A car darts into the scene from the left. Something does not look right.
The scene shifts to the right, as if someone is looking to the right from the back seat of the car.

A man in black coat is running parallel to the car.
The car driver looks back, the man in coat reach the edge of the road, towards the car.
The man holds a long rod.

In the next 20 seconds, the driver screams as the man hits the windscreen with the rod.
Everything goes slow.

We enjoy the unequal mitosis of the glass. The driver loses control. The car skids to the left of the road.

In the next 20 seconds, we see a pool of red as the man kneels down, hit with a bullet on the stomach. Red splash on a white shirt.

The man does not want to live; the close-up of his face says. I don’t want to live.

Surprise.
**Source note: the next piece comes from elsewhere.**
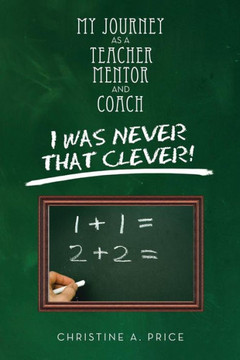 My Journey as a Teacher, Mentor, and Coach: I Was Never That Clever! - 9781483665528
Blackness.

Fourth floor

The building sat on top of a mini-hill surrounded by high trees that looked green and similar. When I stood on the terrace and looked at the fading sun in the silent evenings, the trees still looked dense and mysterious. A green layer of rustling and silken presence living in undisturbed vitality. The trees belonged to the Eucalyptus species and on the upward slopes on the side of the road a few buildings stood in between. The trees sometimes created a silken, thin layer of dead, gray leaves that enveloped the hard earth. I had seen protruding rocks in between the very few shrubs that existed. Rocks that were black and sturdy, rugged and pointed at the edges hidden behind the woods of trees and concealed under the layer of leaves. Kind of camouflage.

Red laterite sand lay underneath the silken leaves and through which wooden branches of the trees emerged seeking something under the dead layer. I had to be careful while walking through this route instead of the curving road that went parallel to the trees. I had hoped that I would see a reptile somewhere concealed in those leaves or crossing the road: a silvery flash of throbbing, viscous skin wriggling across the road. I had seen lovers adjusting their positions in those bushes; I did not look back as I was not interested and my mission was much important than the momentary rush of blood. My friends said they were drug addicts.

The building to where I was walking to stood on a flat piece of land surrounded by labs and an auditorium shaped like the Sun. The auditorium was interesting because I had not seen any activity in that building. In the night, somebody did switch on the white lights, but it was a mystery why that building stood there without any activity.

I usually walked through the paths created by students, and used to imagine that I was a slowing train on the outer yards of its destination. As I approached the building, which was a library, the vegetation cleared and the place grew more brighter until I entered the building through the front door manned by an aged security guard. There was a small shed outside where people used to park their bicycles and bikes.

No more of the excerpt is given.